Collected data entries:
....
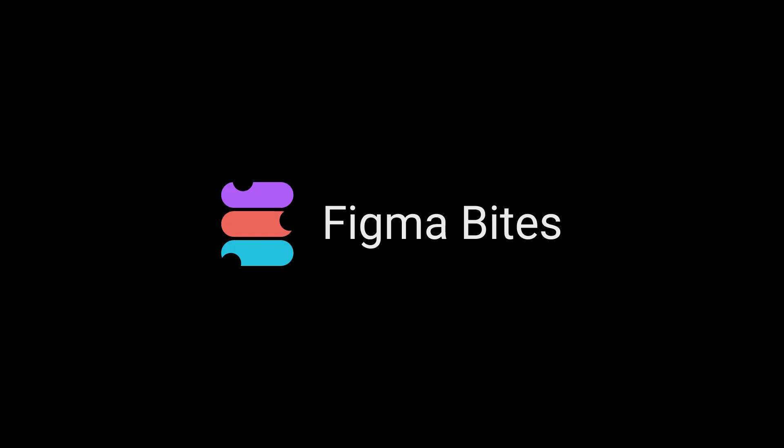That's how you use constraints. I hope this Figma bite helps you control your creations with consistent configurations. Thanks for watching!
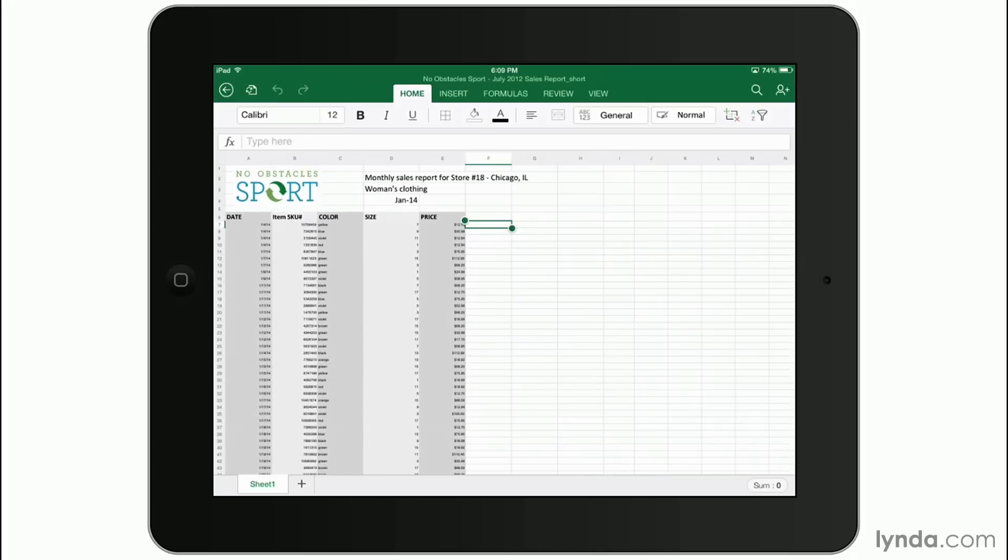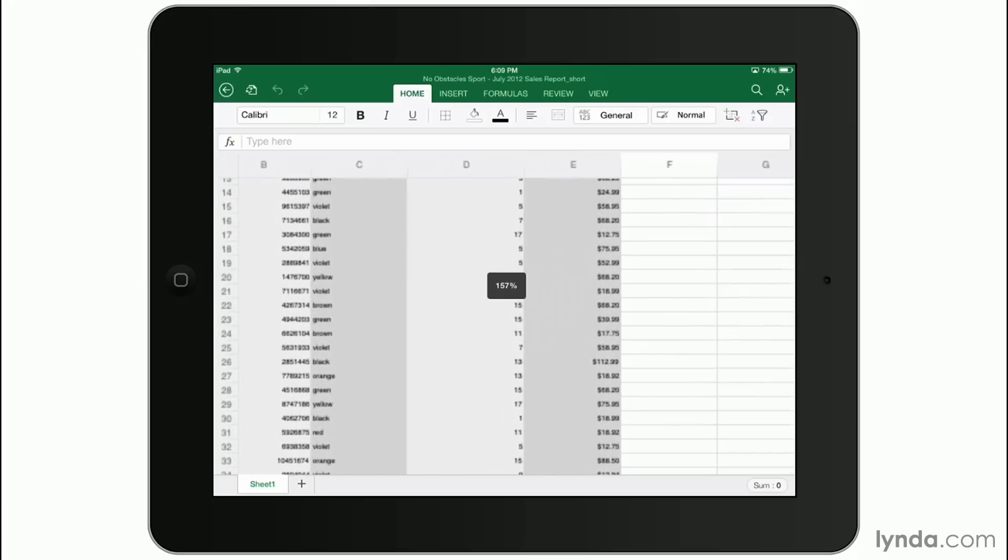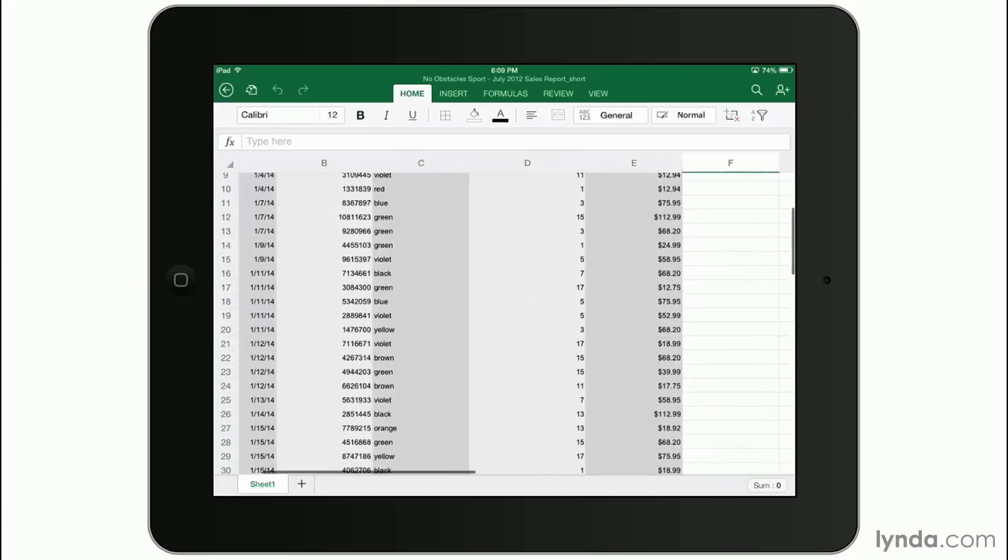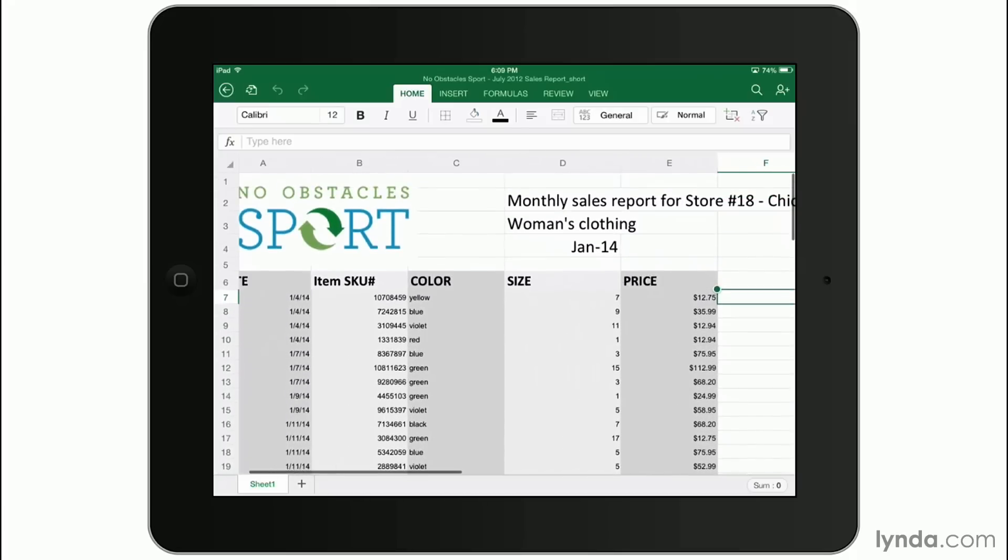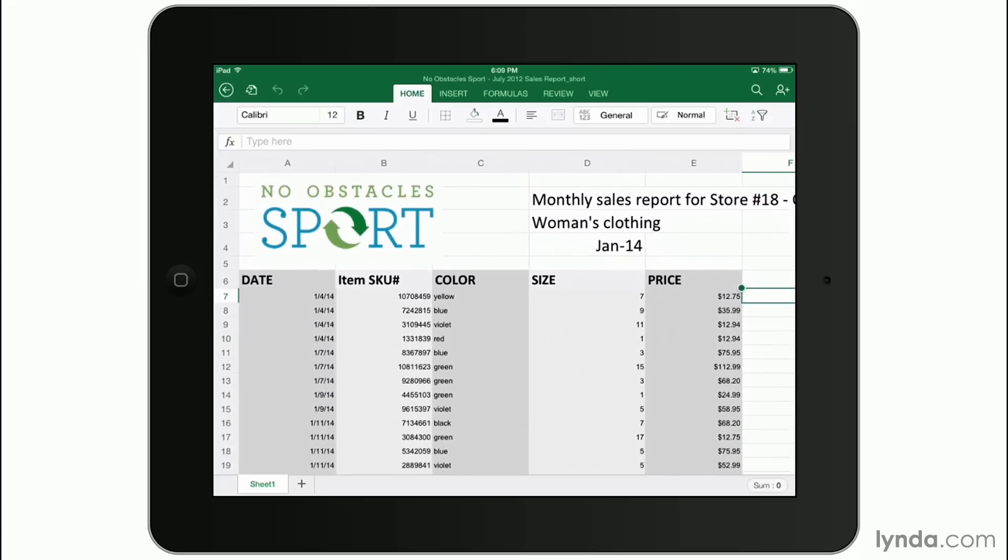Now this is a great feature for Excel spreadsheets when you're dealing with lots of columns and you just want to see the big picture. So navigating is very easy.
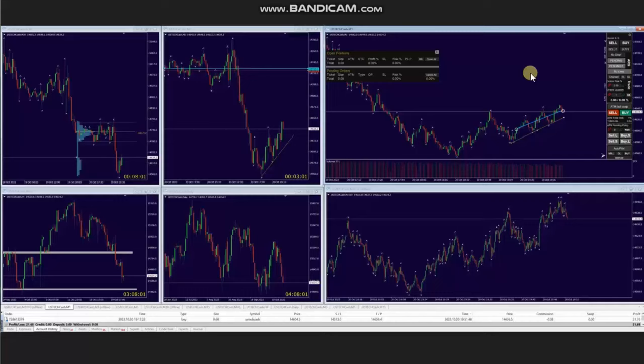Hello everyone, I'd like to share with you a few trades that were posted on Friday 20th of October 2023. These trades were shared by AA, who's trading Nasdaq CFD.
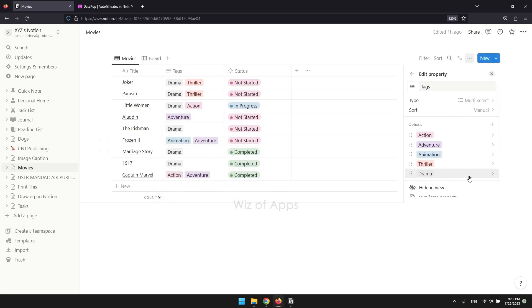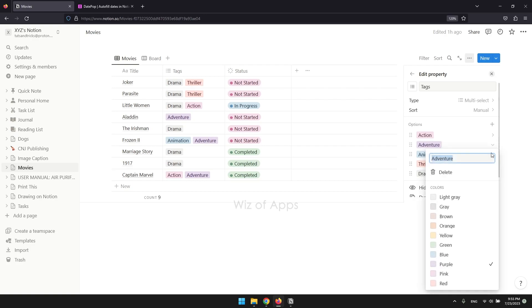Under options where your actual tags are, you can see an arrow on the right side of each tag. Click that to view all the available colors you can change to.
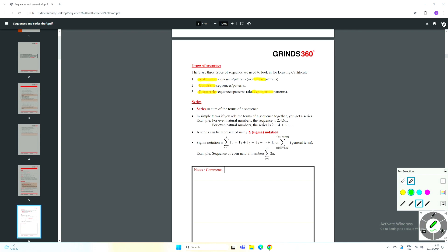A series is slightly different from a sequence. A series is the sum of the terms of a sequence. So if you take a sequence like 1, 3, 5, 7, 9 — that's a list of numbers in a particular order, the odd numbers, adding two each time — and you add them together: 1 plus 3 plus 5 plus 7 plus 9 and so on, that's a series. A sequence is a list of numbers separated by commas; a series is what you get when you take those numbers and add them together.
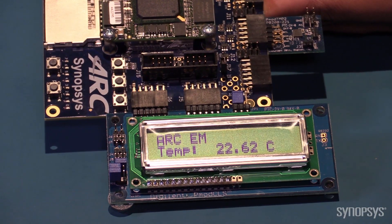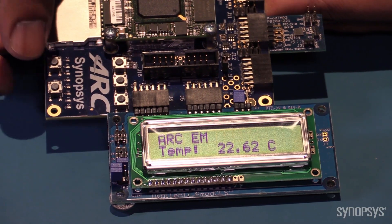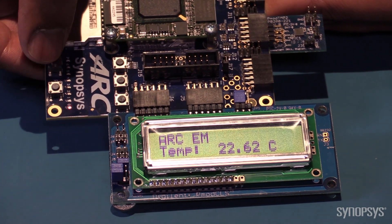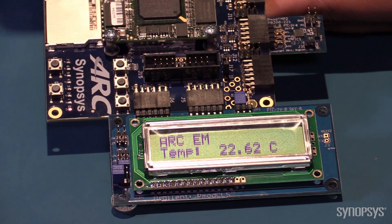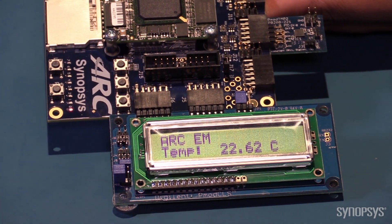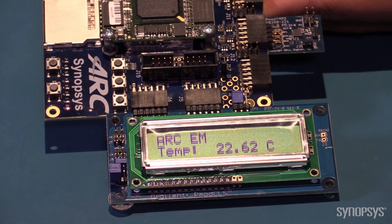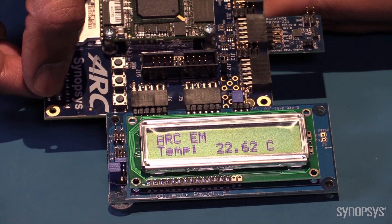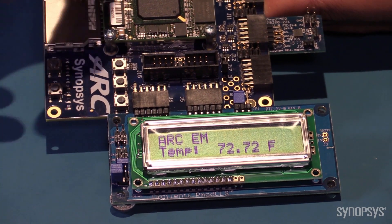The program will measure and display the temperature every time you press one of these buttons, Celsius, using the L button, or Fahrenheit units with the R button.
....
*Problem to work on:* Output the entries verbatim but drop the images.

*Result:*
That's how you use constraints. I hope this Figma bite helps you control your creations with consistent configurations. Thanks for watching!
Now this is a great feature for Excel spreadsheets when you're dealing with lots of columns and you just want to see the big picture. So navigating is very easy.
Hello everyone, I'd like to share with you a few trades that were posted on Friday 20th of October 2023. These trades were shared by AA, who's trading Nasdaq CFD.
Under options where your actual tags are, you can see an arrow on the right side of each tag. Click that to view all the available colors you can change to.
A series is slightly different from a sequence. A series is the sum of the terms of a sequence. So if you take a sequence like 1, 3, 5, 7, 9 — that's a list of numbers in a particular order, the odd numbers, adding two each time — and you add them together: 1 plus 3 plus 5 plus 7 plus 9 and so on, that's a series. A sequence is a list of numbers separated by commas; a series is what you get when you take those numbers and add them together.
The program will measure and display the temperature every time you press one of these buttons, Celsius, using the L button, or Fahrenheit units with the R button.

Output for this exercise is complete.